→ THE TASK
After finding the line containing "Rule 34 | 1girl, animal" below, please output that line and each following one through the line containing "Elle çizilmiş Paskalya yortusu yumurta çiçek", exactly as written.

→ DATA TO EXAMINE
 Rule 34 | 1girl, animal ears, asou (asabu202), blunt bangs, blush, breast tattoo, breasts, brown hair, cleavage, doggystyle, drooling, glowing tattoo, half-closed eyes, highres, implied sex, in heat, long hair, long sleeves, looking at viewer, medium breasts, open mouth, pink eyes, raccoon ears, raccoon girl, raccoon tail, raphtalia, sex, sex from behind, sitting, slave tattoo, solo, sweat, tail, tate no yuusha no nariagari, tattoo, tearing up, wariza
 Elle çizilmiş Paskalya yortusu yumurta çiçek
==
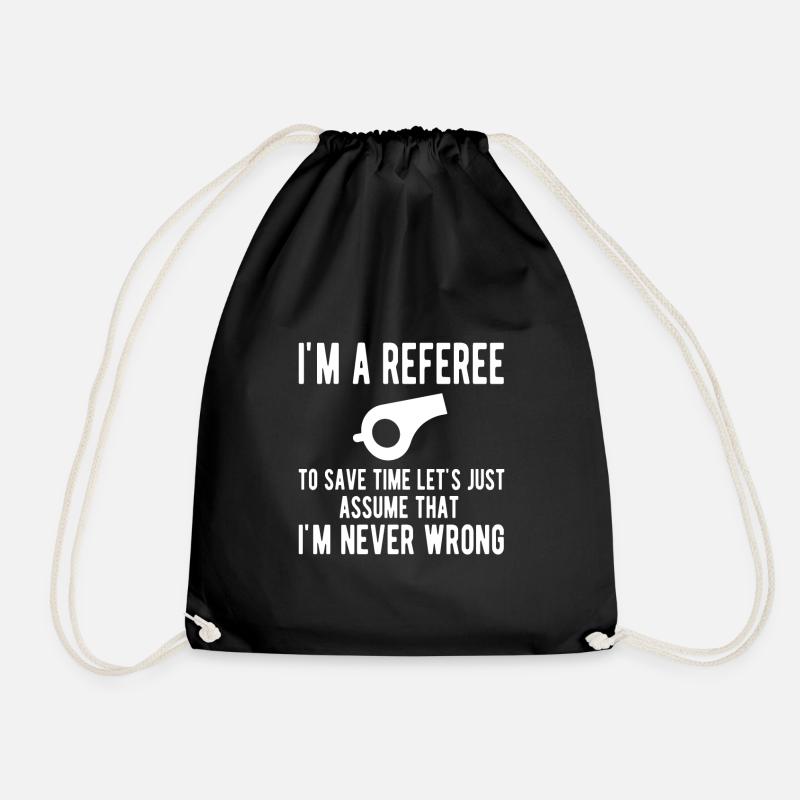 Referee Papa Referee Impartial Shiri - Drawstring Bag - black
==
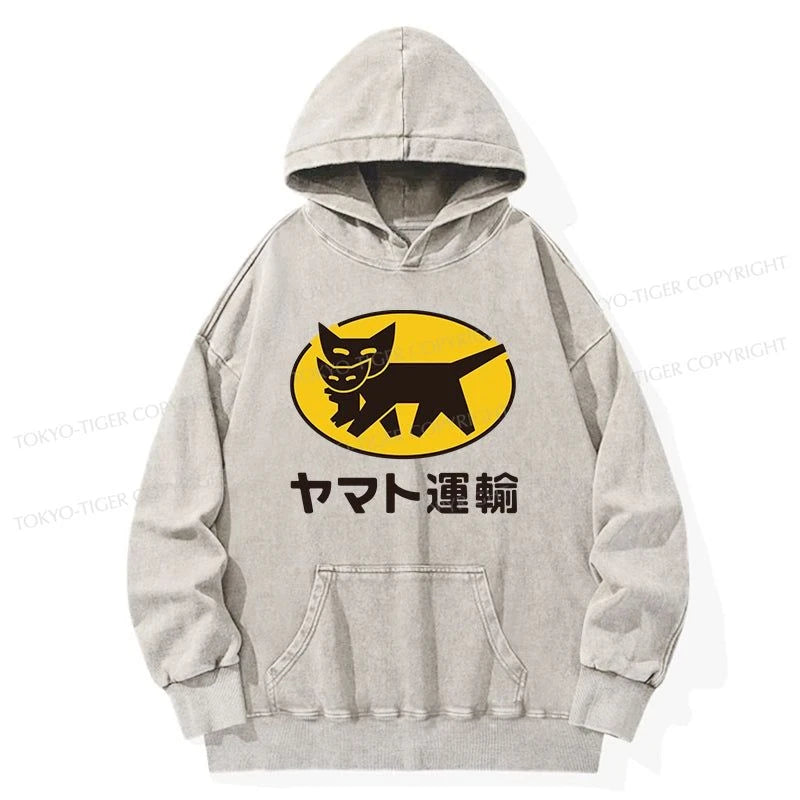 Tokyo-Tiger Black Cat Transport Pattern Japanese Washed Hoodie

→ EXERCISE RESULT
 Rule 34 | 1girl, animal ears, asou (asabu202), blunt bangs, blush, breast tattoo, breasts, brown hair, cleavage, doggystyle, drooling, glowing tattoo, half-closed eyes, highres, implied sex, in heat, long hair, long sleeves, looking at viewer, medium breasts, open mouth, pink eyes, raccoon ears, raccoon girl, raccoon tail, raphtalia, sex, sex from behind, sitting, slave tattoo, solo, sweat, tail, tate no yuusha no nariagari, tattoo, tearing up, wariza
 Elle çizilmiş Paskalya yortusu yumurta çiçek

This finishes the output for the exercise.